■ WHAT THE TASK ASKS
Exact transcription with no images: write out all of the entries below.

[Scraped caption text data]
----
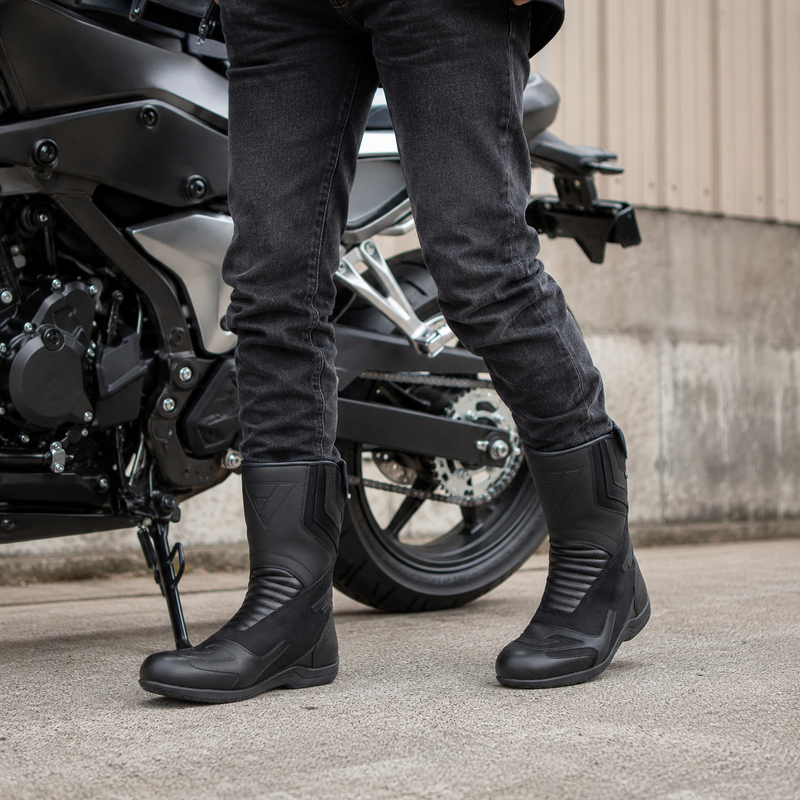 Leather Rksports Style Modeka Motorcycle Motorbike Boots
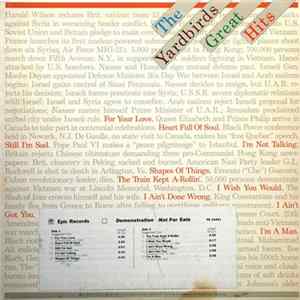The Yardbirds - Great Hits Album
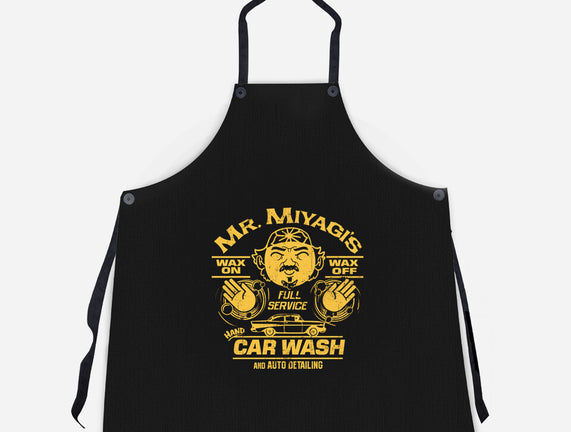 Wax On Wax Off Car Wash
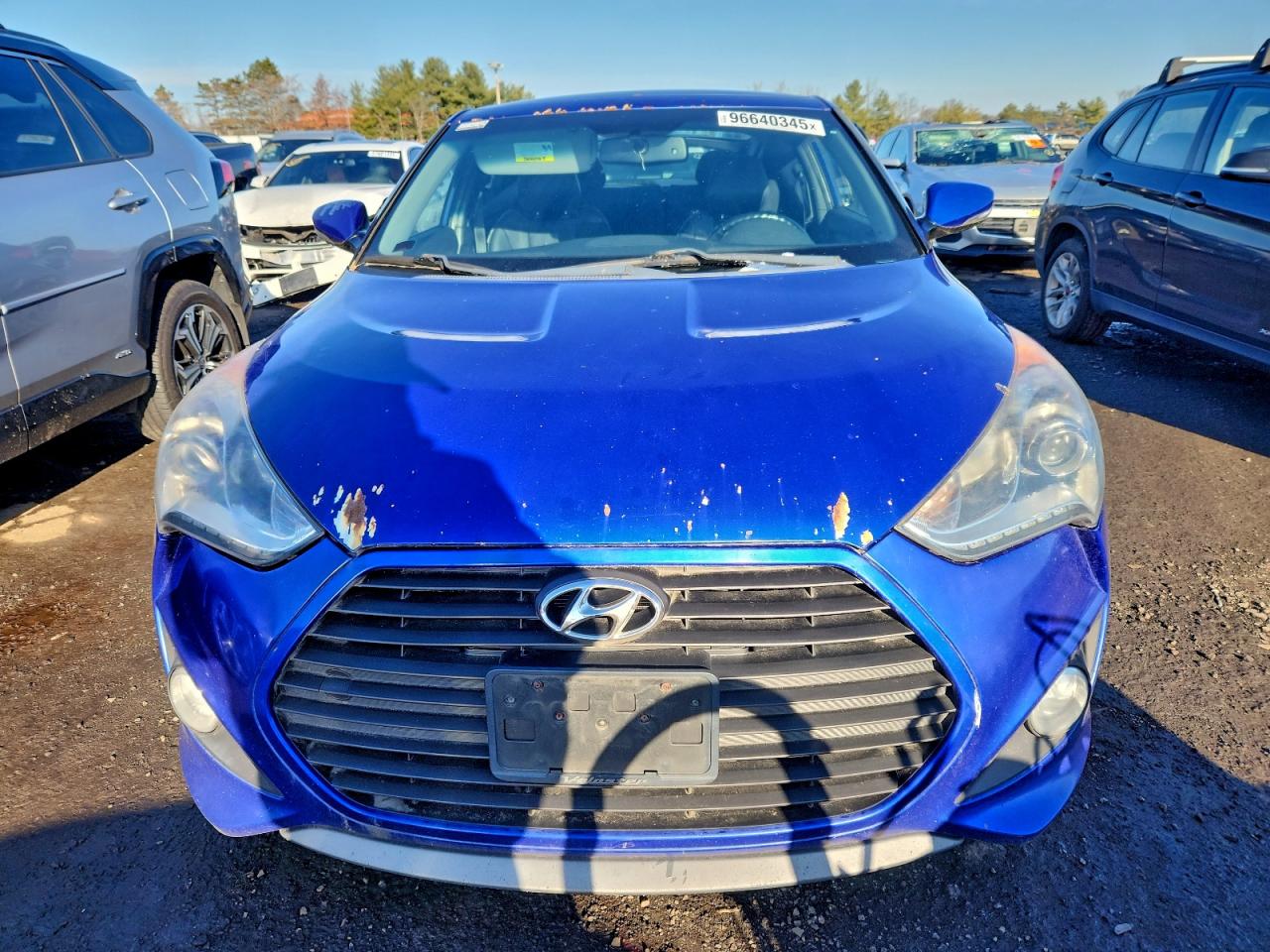 2013 HYUNDAI VELOSTER photo 5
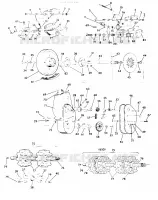 FRENO   carter della catena All Swedish Snowmobiles except  SuperTrak   WideTrak (49187318730005)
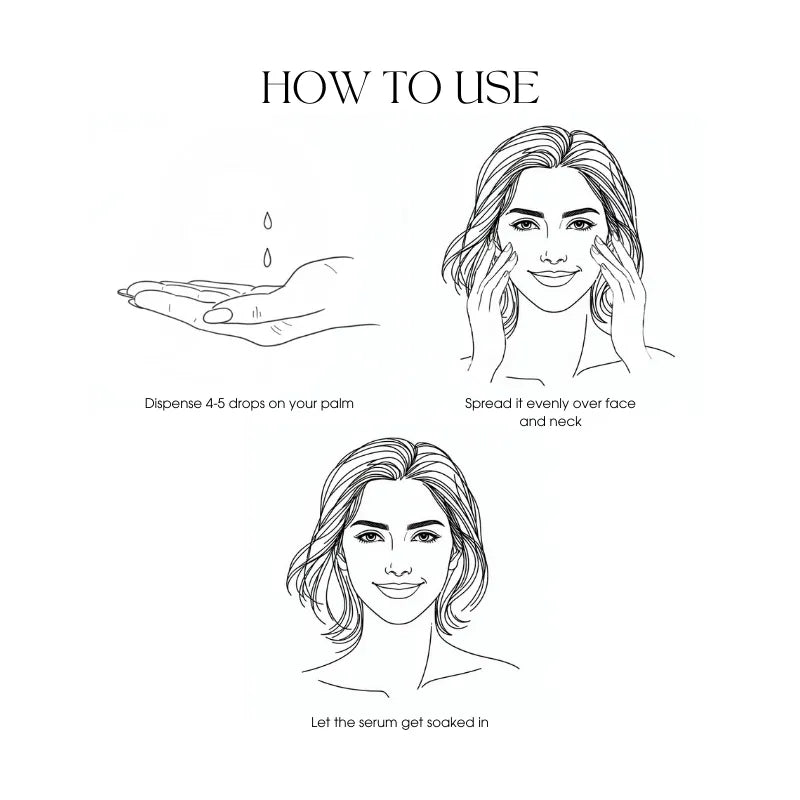 Kiyas Bio Brightening 5% Vitamin C Serum | Botanical Intelligence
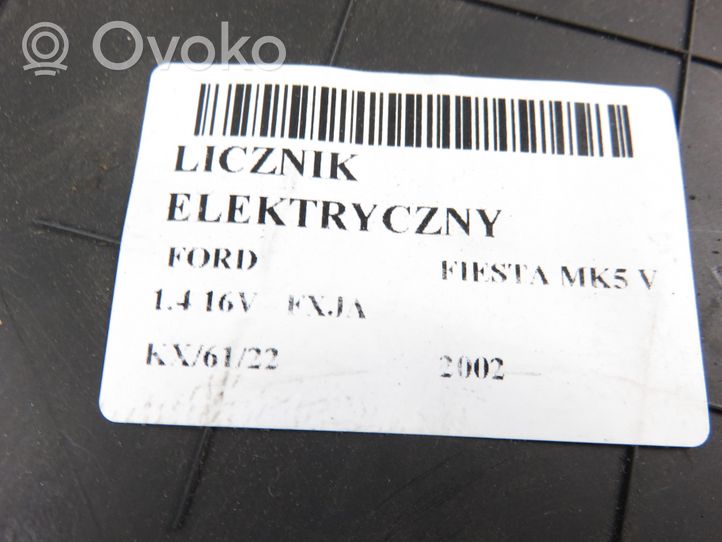 Ford Fiesta Compteur de vitesse tableau de bord 2S6F108489JF
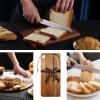 Portable Wooden Bread Slicer Board view 4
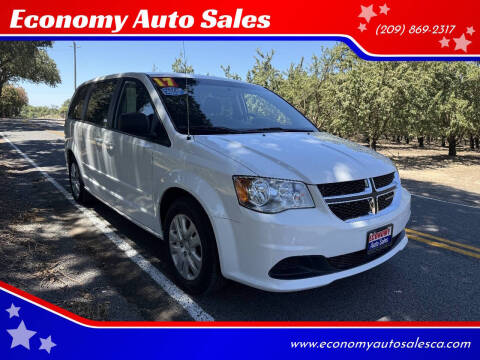 2017 Dodge Grand Caravan SE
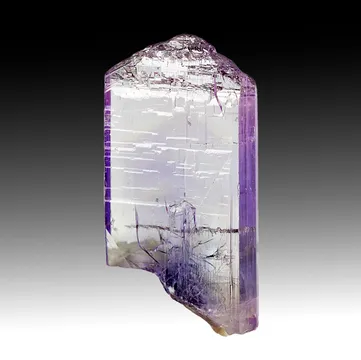 Tanzanite from Merelani Hills, Manyara Region, Tanzania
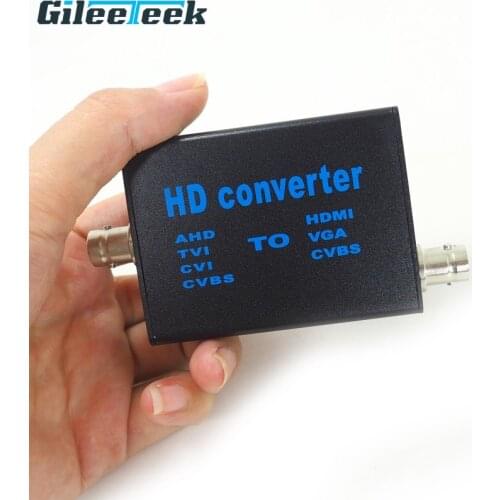 Video Converter AHD To HDMI Transmission Ahd Cvbs Cvi Tvi To Hdmi Vga Cvbssignal Convertor DC 5V-20V Hd Video Converter AHD41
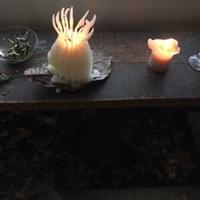 It looks as if wrapped in hands It looks as if wrapped in hands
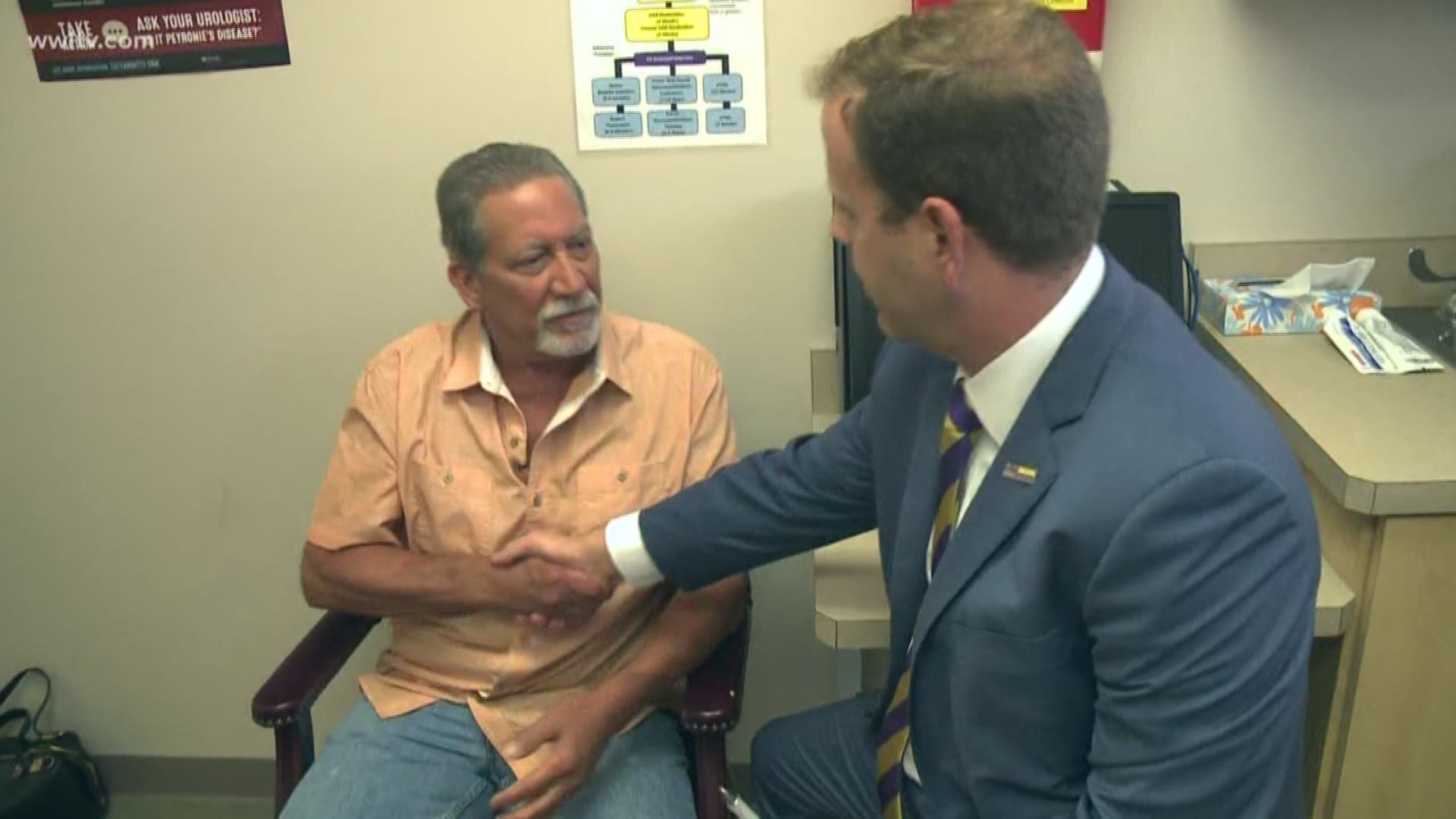 The diagnosis was a surprise. Since his father and brother have had prostate cancer, Brian, 63, made sure to get a yearly check up.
----
■ THE ANSWER
 Leather Rksports Style Modeka Motorcycle Motorbike Boots
The Yardbirds - Great Hits Album
 Wax On Wax Off Car Wash
 2013 HYUNDAI VELOSTER photo 5
 FRENO   carter della catena All Swedish Snowmobiles except  SuperTrak   WideTrak (49187318730005)
 Kiyas Bio Brightening 5% Vitamin C Serum | Botanical Intelligence
 Ford Fiesta Compteur de vitesse tableau de bord 2S6F108489JF
 Portable Wooden Bread Slicer Board view 4
 2017 Dodge Grand Caravan SE
 Tanzanite from Merelani Hills, Manyara Region, Tanzania
 Video Converter AHD To HDMI Transmission Ahd Cvbs Cvi Tvi To Hdmi Vga Cvbssignal Convertor DC 5V-20V Hd Video Converter AHD41
 It looks as if wrapped in hands It looks as if wrapped in hands
 The diagnosis was a surprise. Since his father and brother have had prostate cancer, Brian, 63, made sure to get a yearly check up.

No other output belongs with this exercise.